DiCaprio is Jordan Belfort, an eager-beaver young broker-in-training who takes the mesmerizing patter from his drugs, sex and making-money mentor Mark Hanna (Matthew McConaughey) to heart. The name of the game, Hanna purrs, is “moving the money from the client’s pocket to your pocket.”
A light goes off in idealistic Jordan’s head. Who cares if the client does well? It’s all about your commissions, your shady deals, getting rich because “money makes you a better person.”

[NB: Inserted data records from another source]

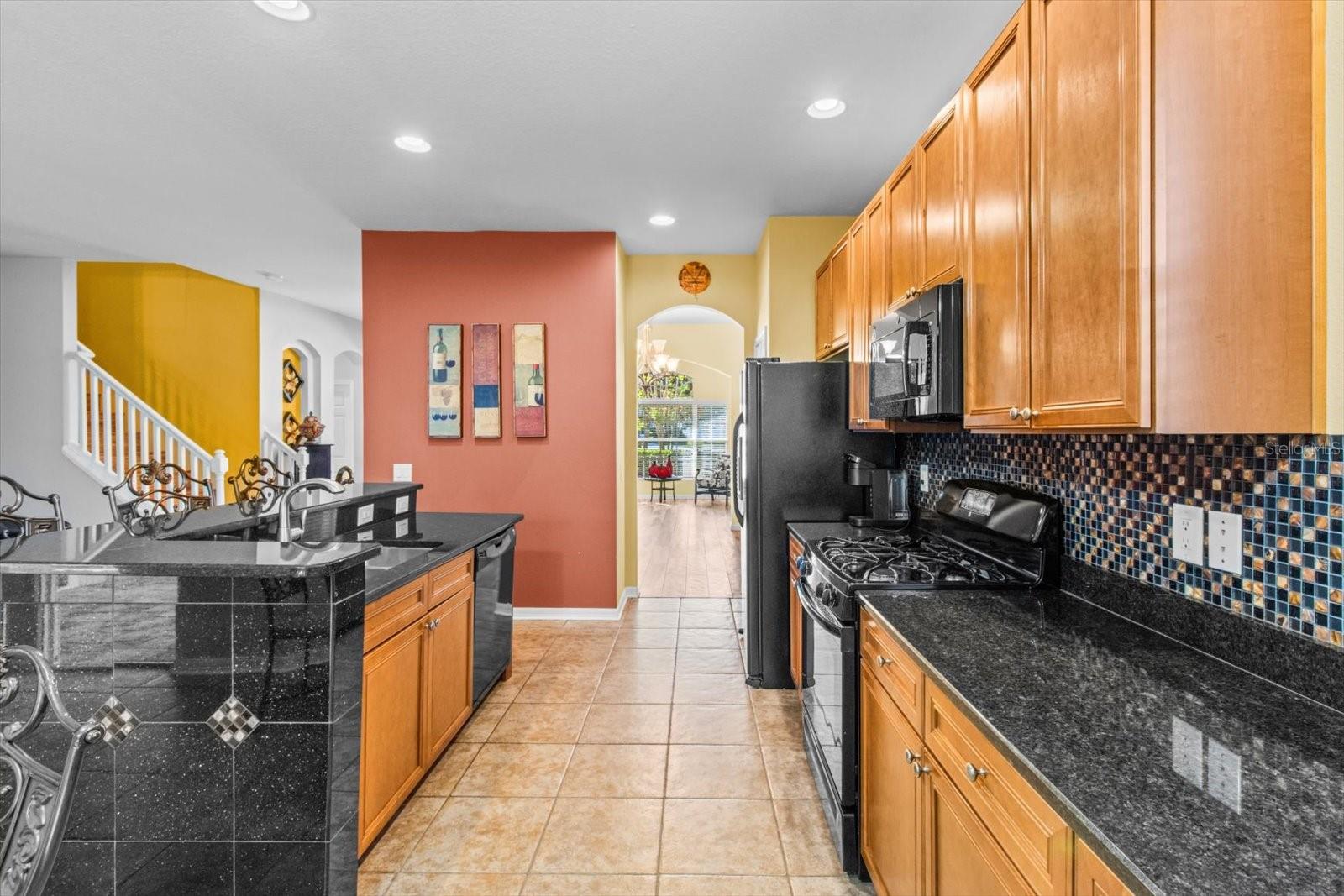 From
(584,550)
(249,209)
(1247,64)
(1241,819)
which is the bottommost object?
(584,550)

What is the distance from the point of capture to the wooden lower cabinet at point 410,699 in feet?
6.23

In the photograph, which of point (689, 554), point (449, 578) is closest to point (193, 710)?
point (449, 578)

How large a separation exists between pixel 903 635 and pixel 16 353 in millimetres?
7241

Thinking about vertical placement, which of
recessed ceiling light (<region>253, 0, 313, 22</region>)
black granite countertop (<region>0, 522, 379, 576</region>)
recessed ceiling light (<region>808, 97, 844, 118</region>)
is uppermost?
recessed ceiling light (<region>808, 97, 844, 118</region>)

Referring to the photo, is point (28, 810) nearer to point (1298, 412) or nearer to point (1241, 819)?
point (1241, 819)

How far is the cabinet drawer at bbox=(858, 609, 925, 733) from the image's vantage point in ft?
4.59

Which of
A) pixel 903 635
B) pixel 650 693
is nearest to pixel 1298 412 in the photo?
pixel 903 635

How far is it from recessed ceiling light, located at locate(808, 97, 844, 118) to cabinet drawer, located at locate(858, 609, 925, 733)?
2.16 meters

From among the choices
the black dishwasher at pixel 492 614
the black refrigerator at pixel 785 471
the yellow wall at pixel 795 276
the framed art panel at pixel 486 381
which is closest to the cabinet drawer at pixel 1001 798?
the black refrigerator at pixel 785 471

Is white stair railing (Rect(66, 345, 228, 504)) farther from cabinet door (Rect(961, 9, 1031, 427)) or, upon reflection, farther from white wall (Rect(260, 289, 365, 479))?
cabinet door (Rect(961, 9, 1031, 427))

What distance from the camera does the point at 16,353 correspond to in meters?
5.30

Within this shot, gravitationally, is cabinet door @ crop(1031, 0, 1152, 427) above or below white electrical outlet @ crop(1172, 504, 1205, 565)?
above

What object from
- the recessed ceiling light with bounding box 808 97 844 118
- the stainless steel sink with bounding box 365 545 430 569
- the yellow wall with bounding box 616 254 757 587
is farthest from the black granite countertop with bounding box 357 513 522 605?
the recessed ceiling light with bounding box 808 97 844 118

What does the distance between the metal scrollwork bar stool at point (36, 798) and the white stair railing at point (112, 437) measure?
5.10 m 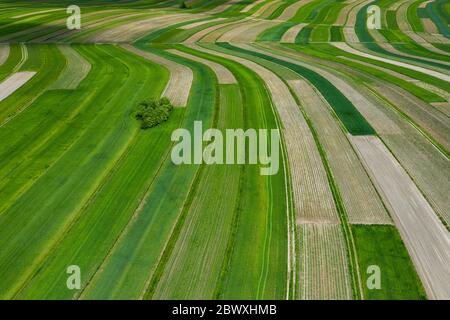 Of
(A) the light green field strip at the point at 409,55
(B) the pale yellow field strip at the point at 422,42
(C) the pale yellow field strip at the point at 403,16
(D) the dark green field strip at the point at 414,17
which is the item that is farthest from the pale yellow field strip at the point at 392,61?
(D) the dark green field strip at the point at 414,17

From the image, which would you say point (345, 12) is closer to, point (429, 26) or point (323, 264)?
point (429, 26)

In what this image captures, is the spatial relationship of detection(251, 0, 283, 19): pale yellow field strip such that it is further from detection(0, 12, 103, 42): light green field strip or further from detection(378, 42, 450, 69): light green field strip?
detection(0, 12, 103, 42): light green field strip

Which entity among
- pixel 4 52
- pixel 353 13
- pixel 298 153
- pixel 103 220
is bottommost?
pixel 103 220

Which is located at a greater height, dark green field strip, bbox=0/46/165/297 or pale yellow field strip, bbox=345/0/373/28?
pale yellow field strip, bbox=345/0/373/28

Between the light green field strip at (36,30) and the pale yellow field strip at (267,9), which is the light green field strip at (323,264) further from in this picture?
the pale yellow field strip at (267,9)

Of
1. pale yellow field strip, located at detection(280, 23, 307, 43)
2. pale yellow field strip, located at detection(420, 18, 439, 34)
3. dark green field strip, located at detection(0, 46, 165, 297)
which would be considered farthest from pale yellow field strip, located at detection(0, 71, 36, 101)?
pale yellow field strip, located at detection(420, 18, 439, 34)

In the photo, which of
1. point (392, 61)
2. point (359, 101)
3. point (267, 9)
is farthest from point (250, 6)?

A light goes off in the viewer’s head, too. Before anybody starts stamping DiCaprio’s name on the Oscar, here’s old Matthew to remind us that nobody has had a better year acting in the movies – nobody. If Mark Hanna had more than two scenes, McConaughey might have stolen the movie.
But this isn’t Oliver Stone’s preachy, good-man-falls-far opera “Wall Street.” This is about Jordan’s layoff during the financial crash of 1987 and his rebirth as a penny stocks-trading bottom feeder, the sort of smooth money-printing huckster who lures proteges and followers like a revival preacher. Donnie (Jonah Hill) is the first. Assorted other “guys from the neighborhood” follow.
That’s the genius of this. The savvier Wall Street pundits noticed how brokers, traders and derivatives specialists went from making a very good living in the early Reagan years to making obscene amounts of money by the end of the Reagan years. And these pundits asked “How did these goons get so smart?” And “How do they figure they’re worth that kind of money?”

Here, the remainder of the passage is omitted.